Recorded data
= = = = = = =
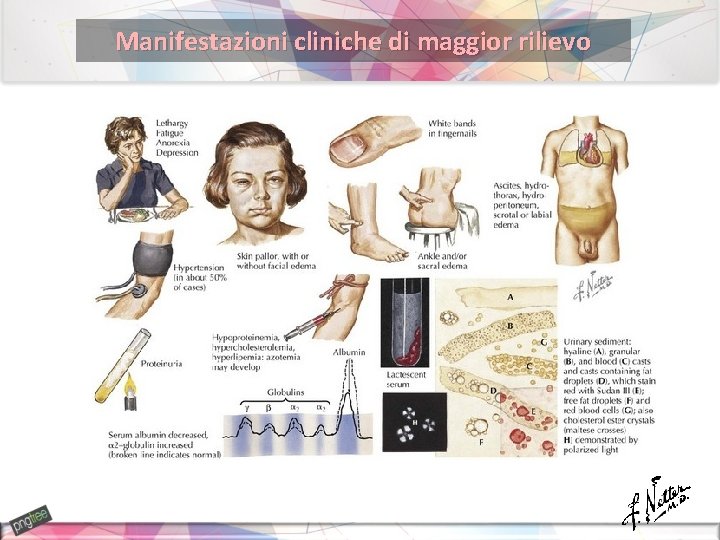 Manifestazioni cliniche di maggior rilievo 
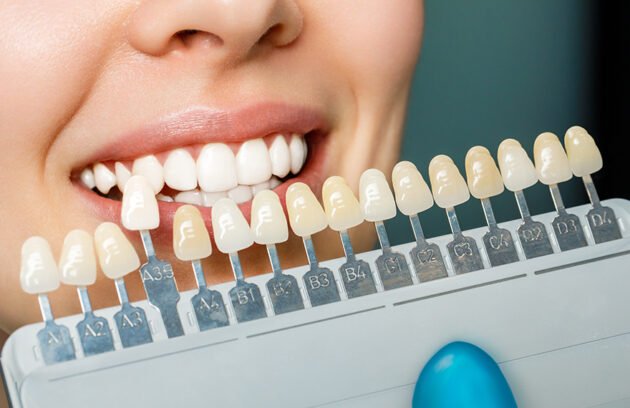 Dental Veneers
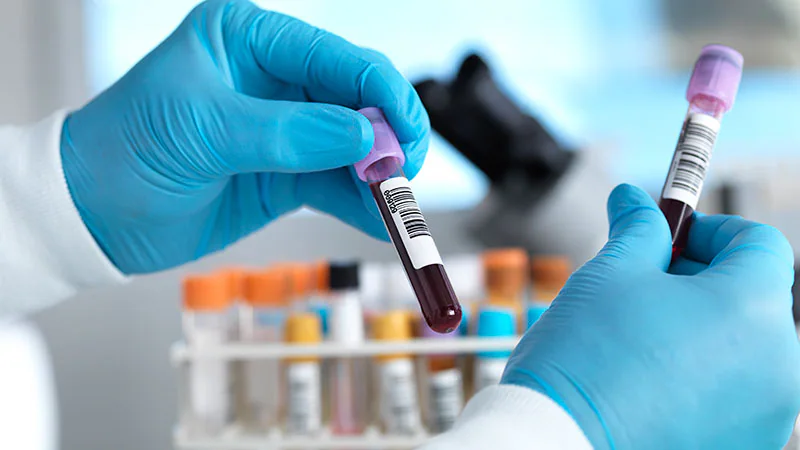 Insulin Resistance Identified as Early Predictor of Alzheimer’s and Brain Decline
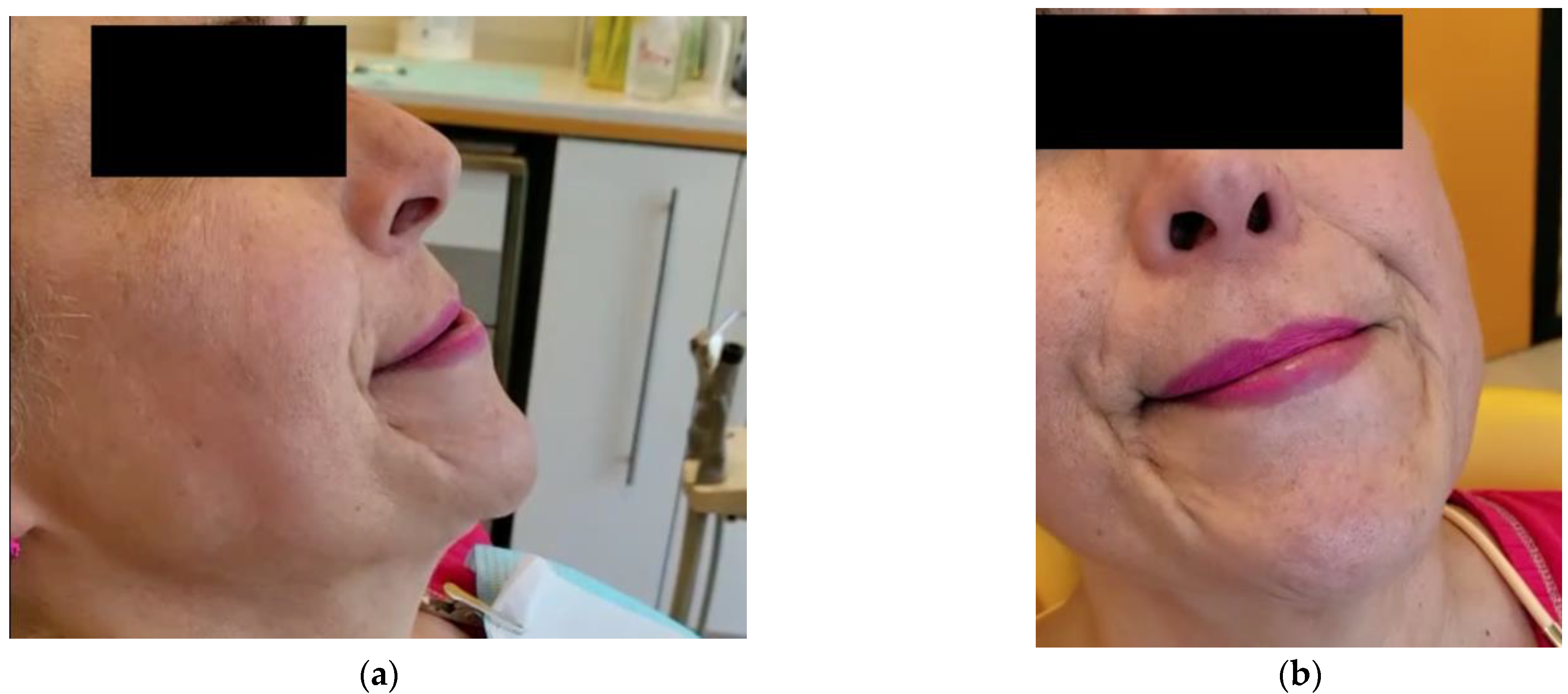 Toxins 14 00680 g001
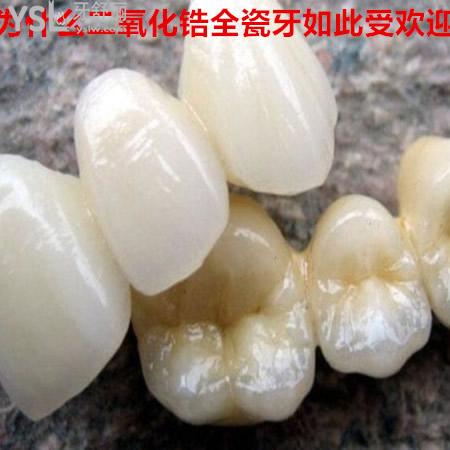 ?包頭植諾口腔做愛爾創(chuàng)全瓷牙怎么樣?公布本院愛爾創(chuàng)全瓷牙價(jià)目表及案例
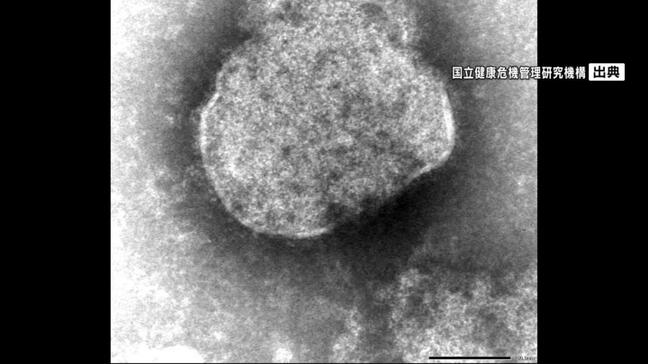 沖縄でことし2例目のはしか感染を確認　26日に航空機→那覇空港→タクシー利用　現在は体調回復傾向|TBS NEWS DIG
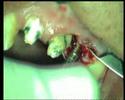 implantes dentales con laser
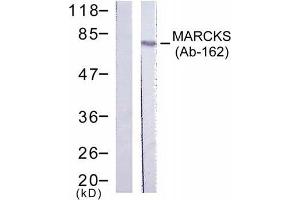 Western blot analysis of extract from HeLa cells, using MARCKS (Ab-162) antibody (E021257). (MARCKS antibody)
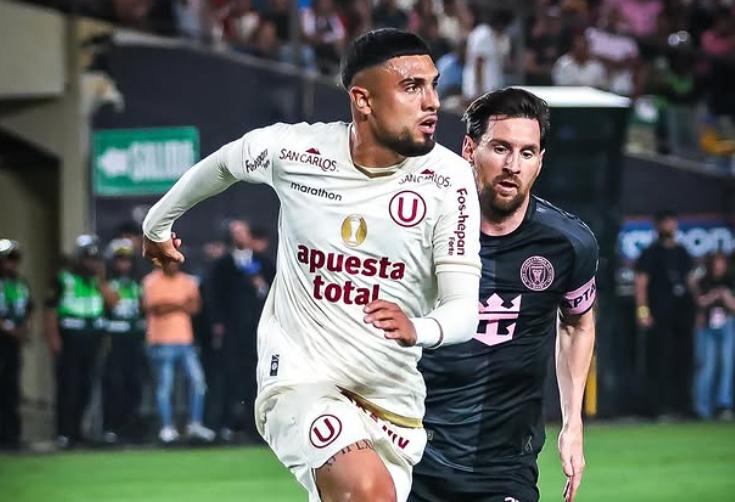 Ex U de Chile recibe fuerte pisotón en la mano - Créditos: Instagram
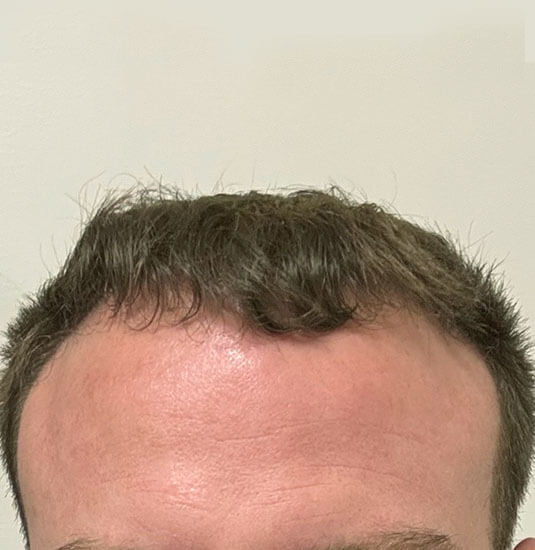 Nashville hair doctor patient 6 months after hair transplant - front view.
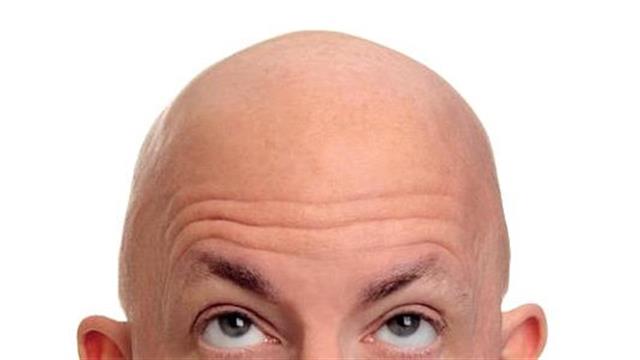 Τριχόπτωση: Τα είδη των θεραπειών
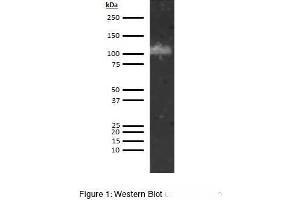 Western Blotting (WB) image for anti-ADAM Metallopeptidase with Thrombospondin Type 1 Motif, 13 (ADAMTS13) antibody (ABIN5566846)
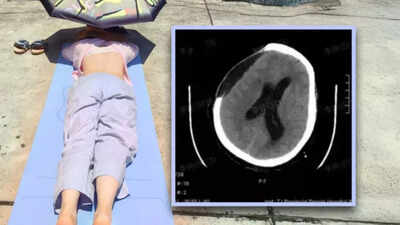 Chinese woman suffers brain hemorrhage, slips into coma after sunbathing during extreme heatwave; know the safe limit and health risks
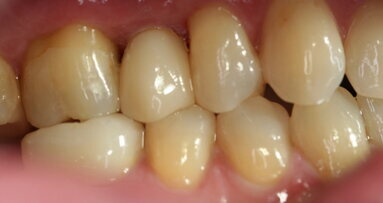 Implants en zircone : remplacement entièrement sans métal d’une deuxième prémolaire maxillaire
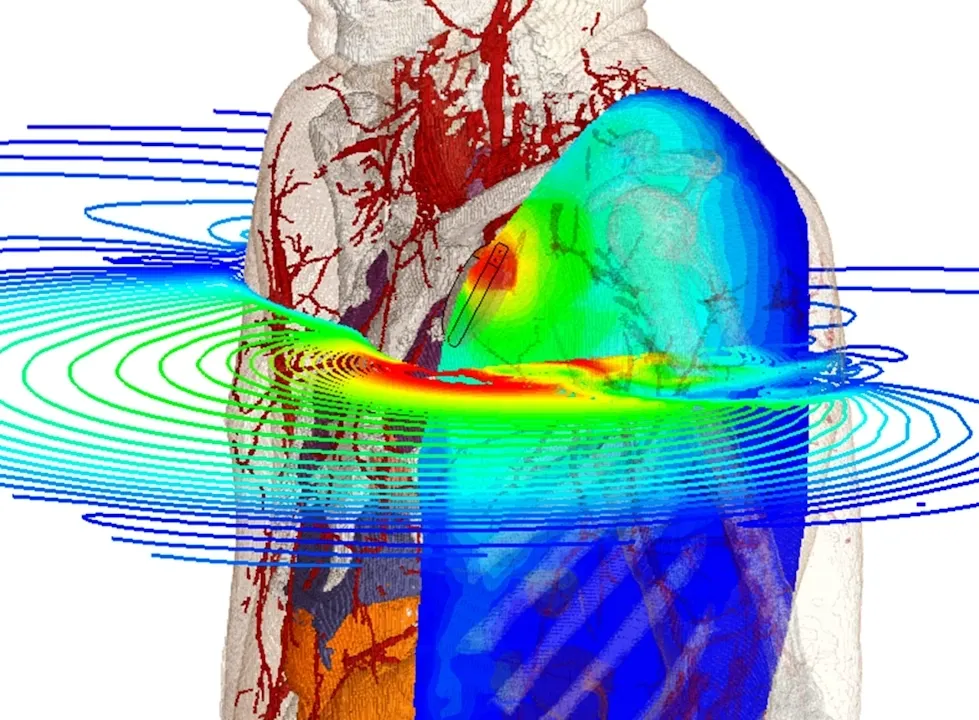 Bioelectromagnetics pacemaker > Dassault Systemes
= = = = = = =
▸ REQUIRED ACTION
From the line with "沖縄でことし2例目のはしか感染を確認　26日に航空機→那覇空港→タクシー利用　現在は体調回復傾向|TBS NEWS DIG" down to the last line of the records above, restate each line verbatim, passing over any picture.

▸ YOUR RESPONSE
 沖縄でことし2例目のはしか感染を確認　26日に航空機→那覇空港→タクシー利用　現在は体調回復傾向|TBS NEWS DIG
 implantes dentales con laser
 Western blot analysis of extract from HeLa cells, using MARCKS (Ab-162) antibody (E021257). (MARCKS antibody)
 Ex U de Chile recibe fuerte pisotón en la mano - Créditos: Instagram
 Nashville hair doctor patient 6 months after hair transplant - front view.
 Τριχόπτωση: Τα είδη των θεραπειών
 Western Blotting (WB) image for anti-ADAM Metallopeptidase with Thrombospondin Type 1 Motif, 13 (ADAMTS13) antibody (ABIN5566846)
 Chinese woman suffers brain hemorrhage, slips into coma after sunbathing during extreme heatwave; know the safe limit and health risks
 Implants en zircone : remplacement entièrement sans métal d’une deuxième prémolaire maxillaire
 Bioelectromagnetics pacemaker > Dassault Systemes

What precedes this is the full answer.